─── Exercise materials
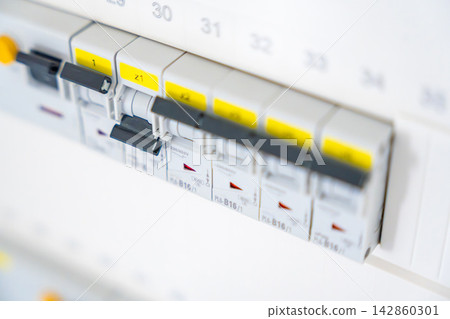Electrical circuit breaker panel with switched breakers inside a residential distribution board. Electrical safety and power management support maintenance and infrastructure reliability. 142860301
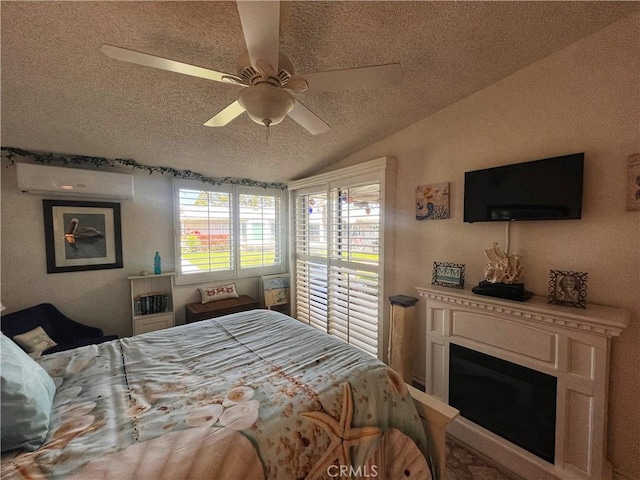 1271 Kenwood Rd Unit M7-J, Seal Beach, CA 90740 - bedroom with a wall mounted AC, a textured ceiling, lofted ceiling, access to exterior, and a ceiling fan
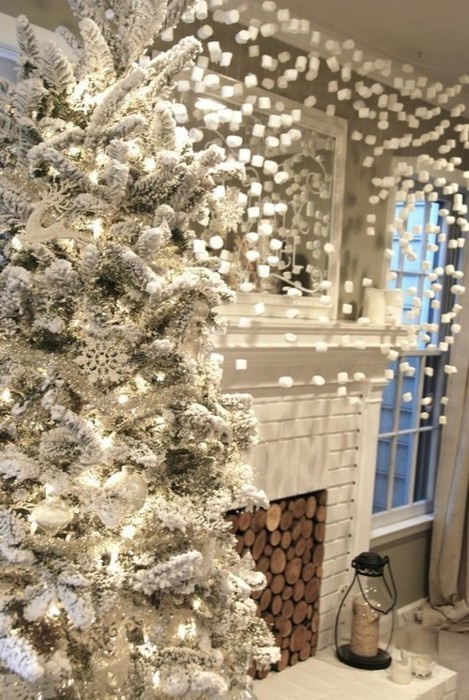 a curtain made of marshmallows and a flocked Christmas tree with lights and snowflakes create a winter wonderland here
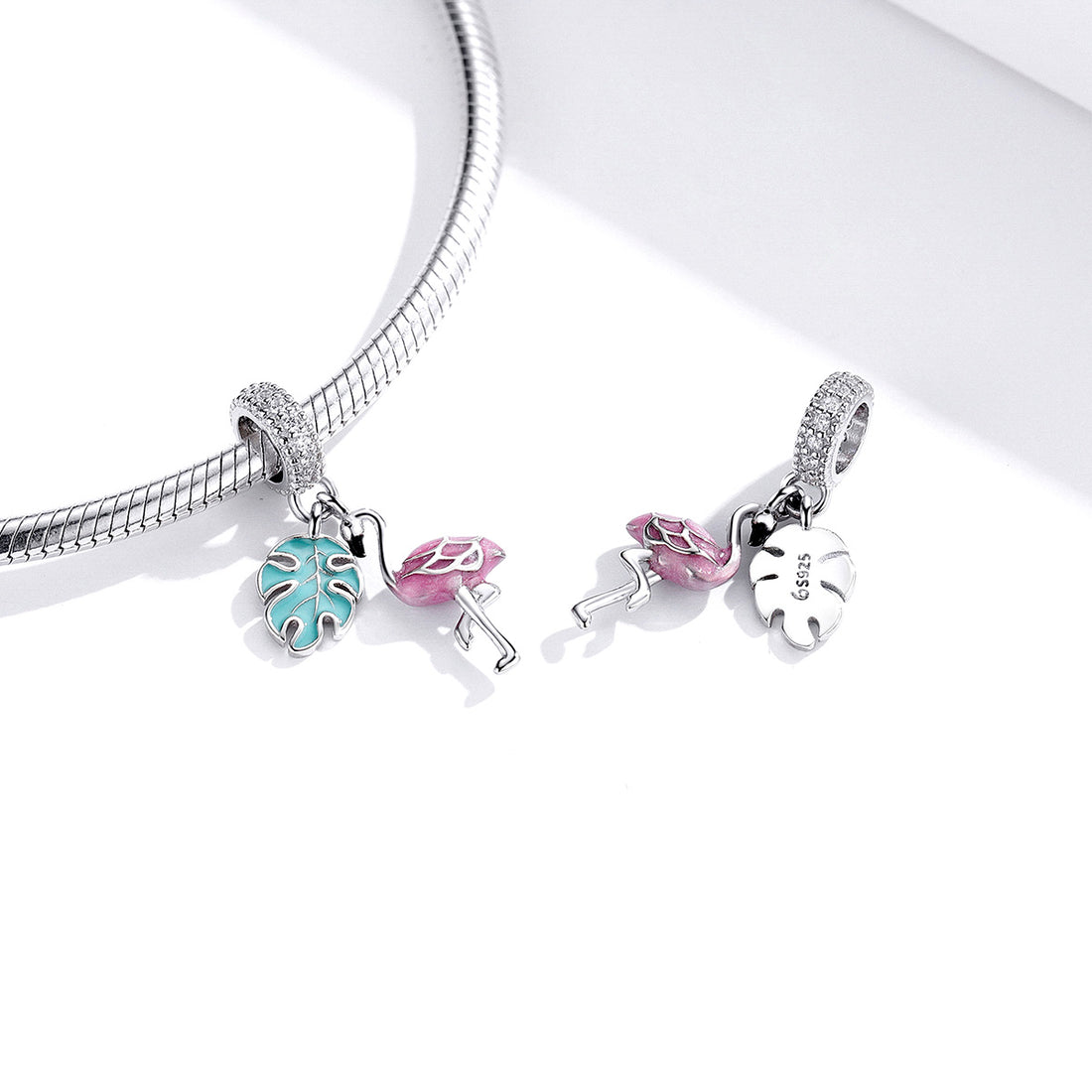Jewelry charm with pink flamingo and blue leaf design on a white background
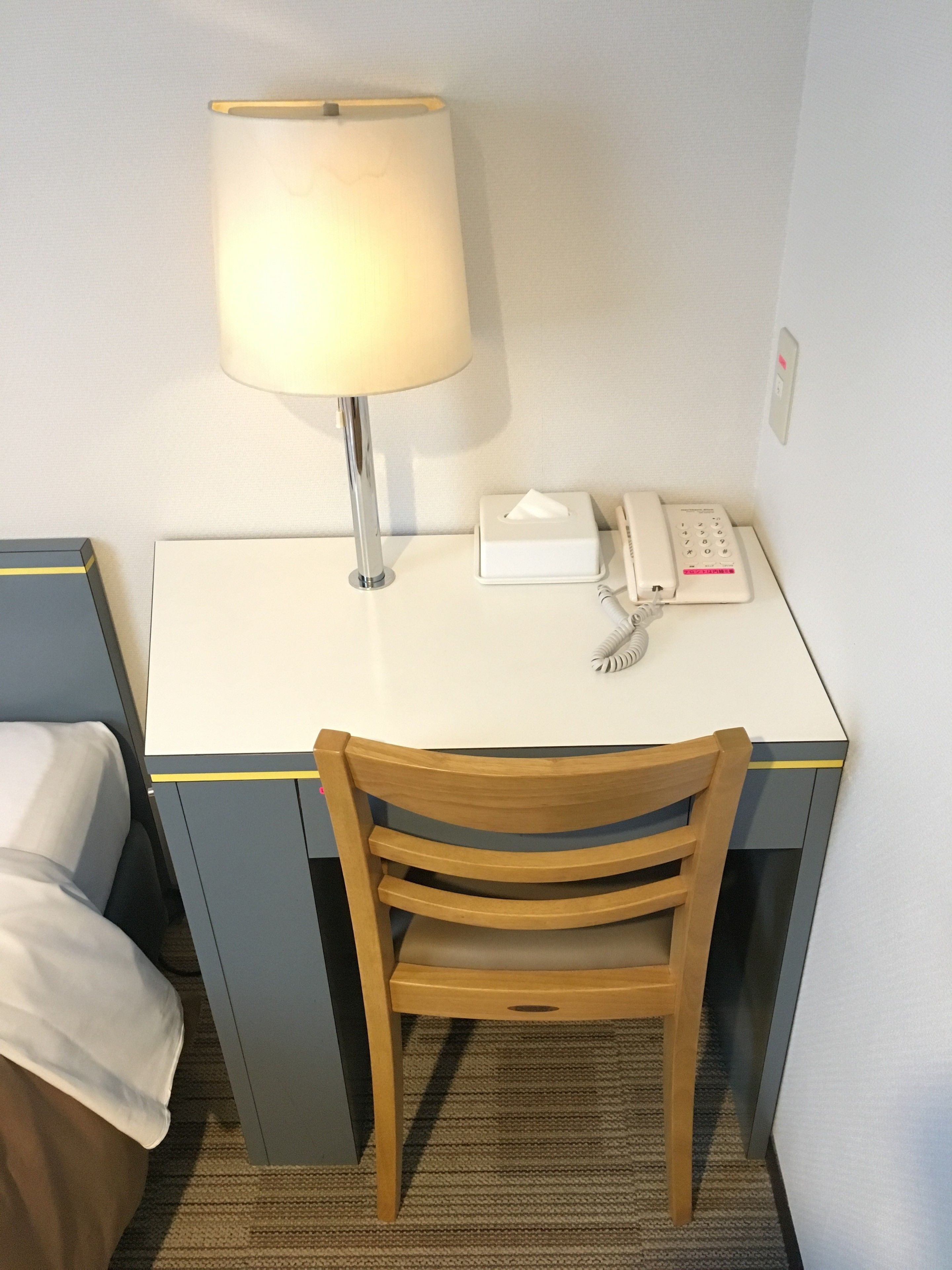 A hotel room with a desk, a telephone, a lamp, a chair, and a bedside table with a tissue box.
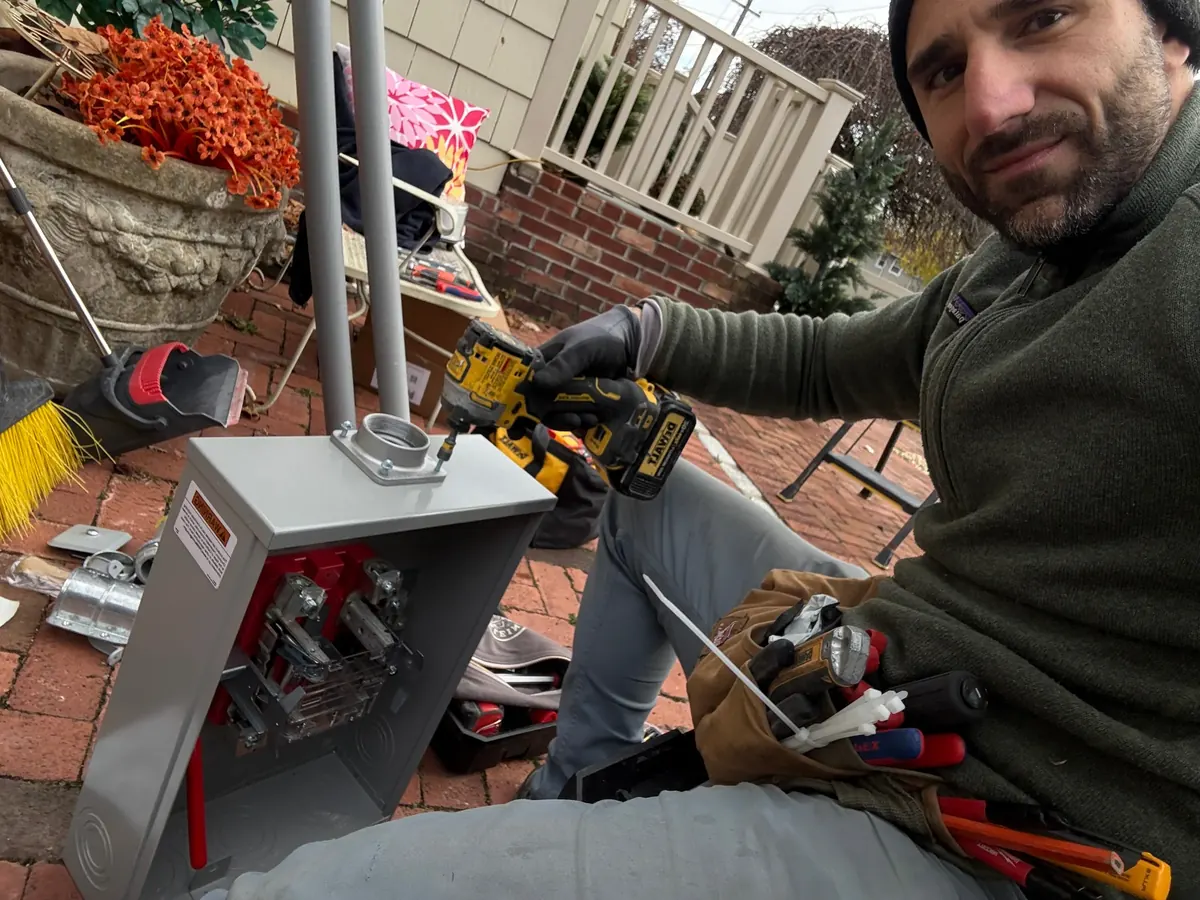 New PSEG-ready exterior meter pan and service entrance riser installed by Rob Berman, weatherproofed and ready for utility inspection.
──────
== What the task asks ==
Could you restate every record above word for word, dropping the pictures?

== Expected answer ==
Electrical circuit breaker panel with switched breakers inside a residential distribution board. Electrical safety and power management support maintenance and infrastructure reliability. 142860301
 1271 Kenwood Rd Unit M7-J, Seal Beach, CA 90740 - bedroom with a wall mounted AC, a textured ceiling, lofted ceiling, access to exterior, and a ceiling fan
 a curtain made of marshmallows and a flocked Christmas tree with lights and snowflakes create a winter wonderland here
Jewelry charm with pink flamingo and blue leaf design on a white background
 A hotel room with a desk, a telephone, a lamp, a chair, and a bedside table with a tissue box.
 New PSEG-ready exterior meter pan and service entrance riser installed by Rob Berman, weatherproofed and ready for utility inspection.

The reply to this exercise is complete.